We can see the corporate media smear campaign of Assange has not bypassed judges.  We know that Judge Snow, convicting Assange for bail violation, accused him of being a narcissist who could not get beyond his own self-interest after Assange simply said “I plead not guilty”.  We know Judge Taylor claimed Assange had been charged with rape and had to be corrected.  Sentencing him to 50 weeks in prison for bail skipping she dismissed his fears of persecution, ignored the appearance of the US indictment and claimed he had fled to the embassy to “evade justice”. This was illogical given the first US indictment against him was unsealed the day of his arrest, the official reasons Ecuador gave for granting asylum and the pile of threats against Assange’s life by US officials.  Judge Taylor repeated the same narrative of “evading justice” that the BBC and other corporate media had pushed for the years between Assange’s arrival at the embassy and the date of her sentencing.

The recent revelation of the CIA plot to kidnap and assassinate Assange in 2017, ignored by the BBC unless you live in Somalia, is vindication of Assange’s fears and shows Judge Taylor’s sentencing statement for what it was: politically motivated propaganda.  Judge Baraitser in turn was observed ruling significantly in favour of the requests made by the US prosecution,  arbitrarily barring trial monitors and opining that possible CIA plots to assassinate Assange back in 2010 were not unreasonable.

Even if we excluded the reality of allegiances and political influences, the fact judges have likely followed BBC and other corporate media news for the last decade means they have very likely acquired a negative and distorted view of Assange and historical facts around him.  The following are some of the ways the BBC has smeared Assange.

Discrediting Assange as a journalist

The BBC always describes Assange as the ‘founder of Wikileaks’ but for Jamal Khashoggi, Roman Protasevich, Anna Politkovskaya, and countless others, whose work does not threaten US military impunity but is considered ideologically acceptable, they qualify as journalist, activist journalist, dissident journalist, campaigning human rights journalist.  

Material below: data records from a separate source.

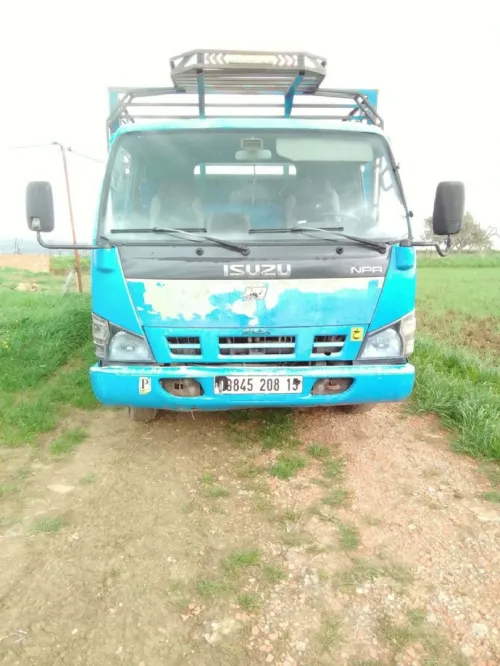 Isuzu Faracha 2008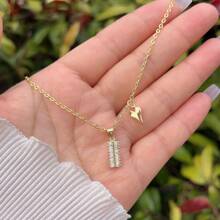 1 pièce Pendentif initiale A-Z en cuivre doré et cubique zircone, avec un collier en forme de cœur, minimaliste et élégant, convient aux hommes et aux femmes, idéal pour un port quotidien, les déplacements, les anniversaires, les sorties, les cadeaux d'anniversaire ou de fête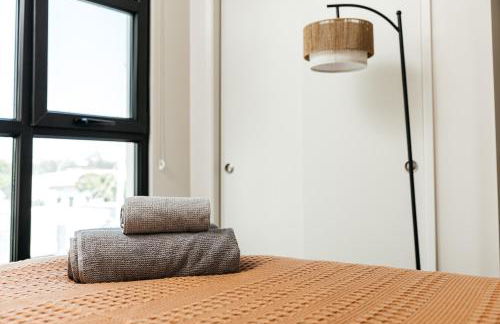 Stunning 2BR apartment steps from Santa Monica pier - Photo 25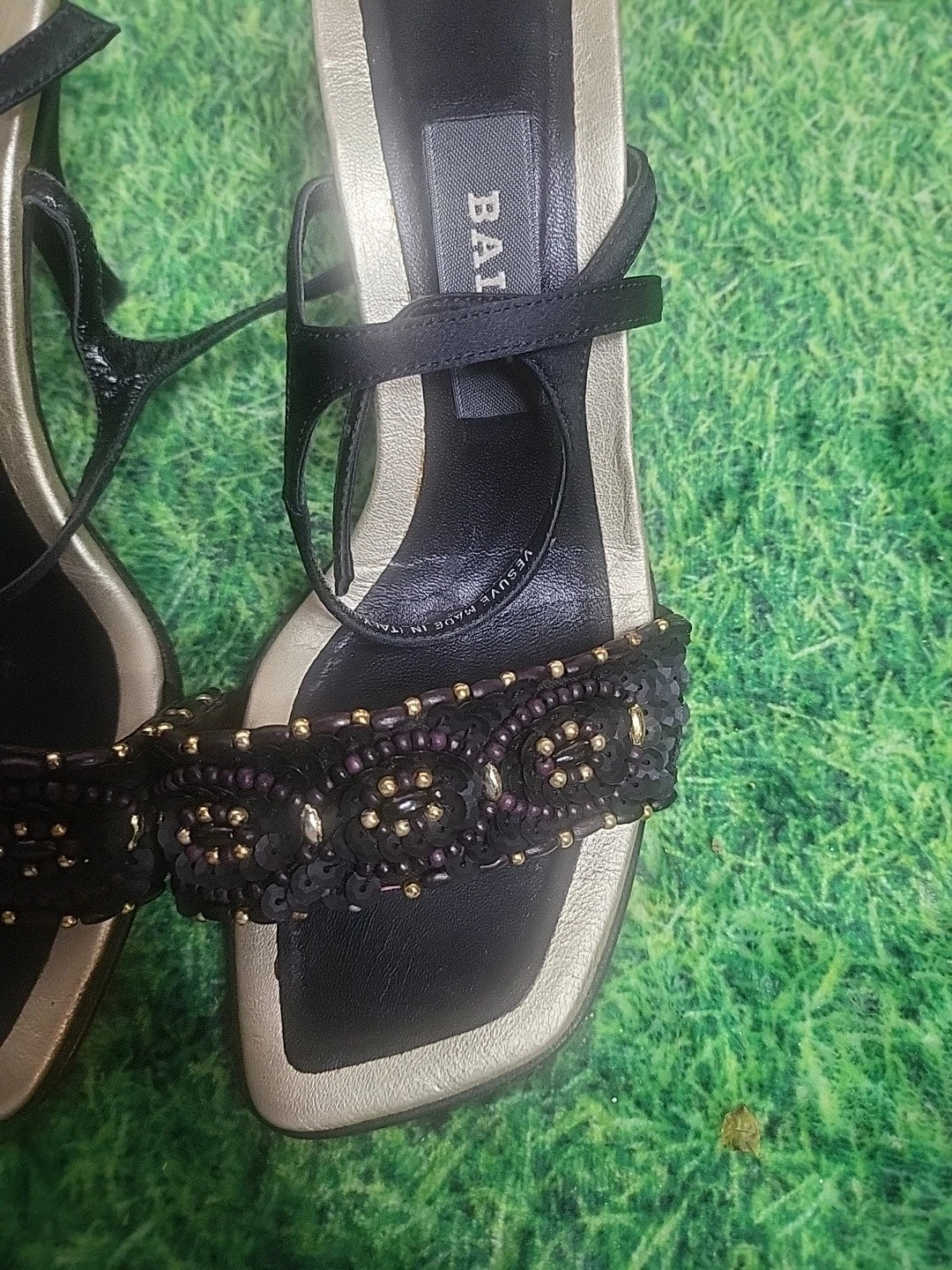 BALLY BlackGolden Metallic Leather Flower Slide Kitten heel Peep Toe Size 6.5 US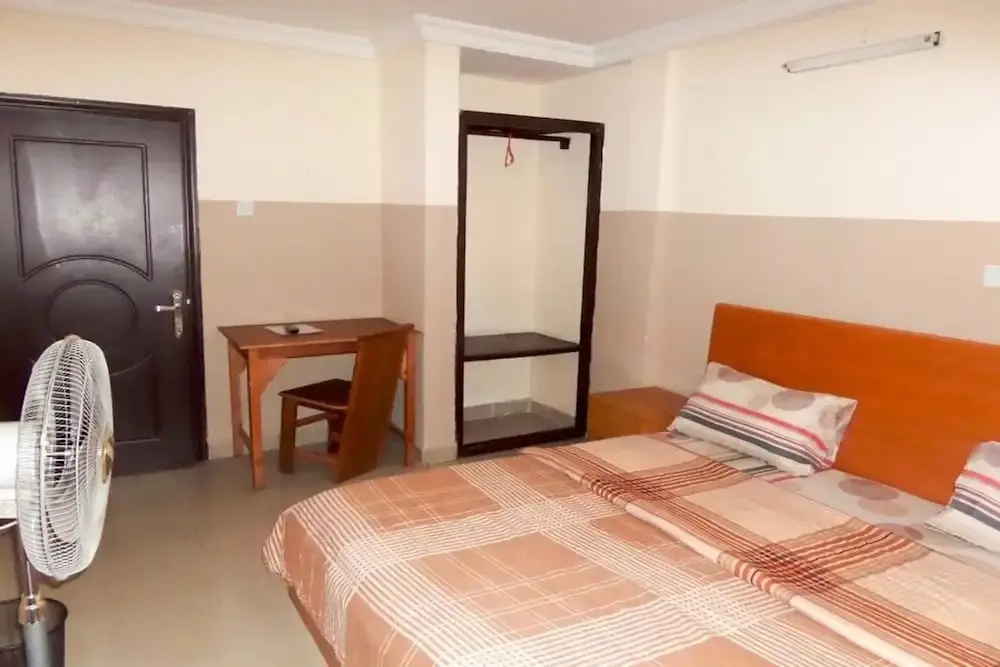 Wonder King Hotel - Chambres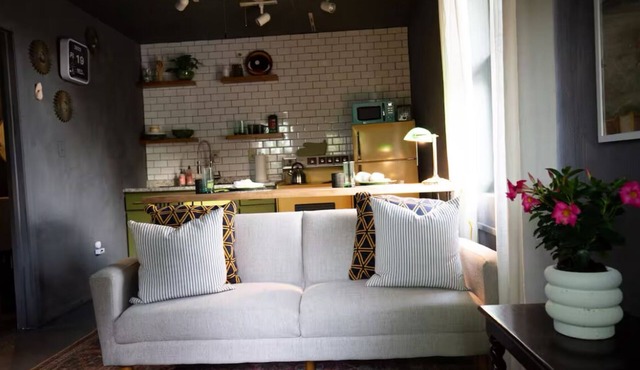 Romantic Tiny Home in Alton, IL in Alton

But the journalist who exposes US war crimes is an “attention seeker“,  “definitely a bad house guest – that much we’re sure of,” an empty man, mischief-maker, wanting attention, a played Putin stooge, trouble-makeran activist hacker,  a narcissist – according to a “widely held opinion”, Russia’s useful idiot, unhygienic, uncaring towards his cat, noisy, rude and anti-social, a cyberterrorist with disgusting habits, someone who avoided extradition to Sweden to avoid being interviewed about sexual allegations: a fugitive,   a smirk-faced irresponsible hack who ha ha will be murdered by the CIA,  

But these form just a segment of output on Assange.  The BBC has greatly invested in his character assassination, which takes various forms, including news articles, videos and podcasts. Repetition is important if you want to programme your audience to dislike someone or worse see them as a danger, a public enemy.   And while we are busy being programmed that Assange is the enemy, we slip into a comatose state and forget who should be in the dock.  The BBC wants us to think the crimes against humanity, the killing of hundreds of thousands of people, the dissolution of entire countries, programmes of rendition and torture and state-sponsored military war crimes all pale into insignificance when compared to evil Assange.  The smearing of his character, designed to inspire disgust, has likely influenced judges just as much as it has other BBC licence payers.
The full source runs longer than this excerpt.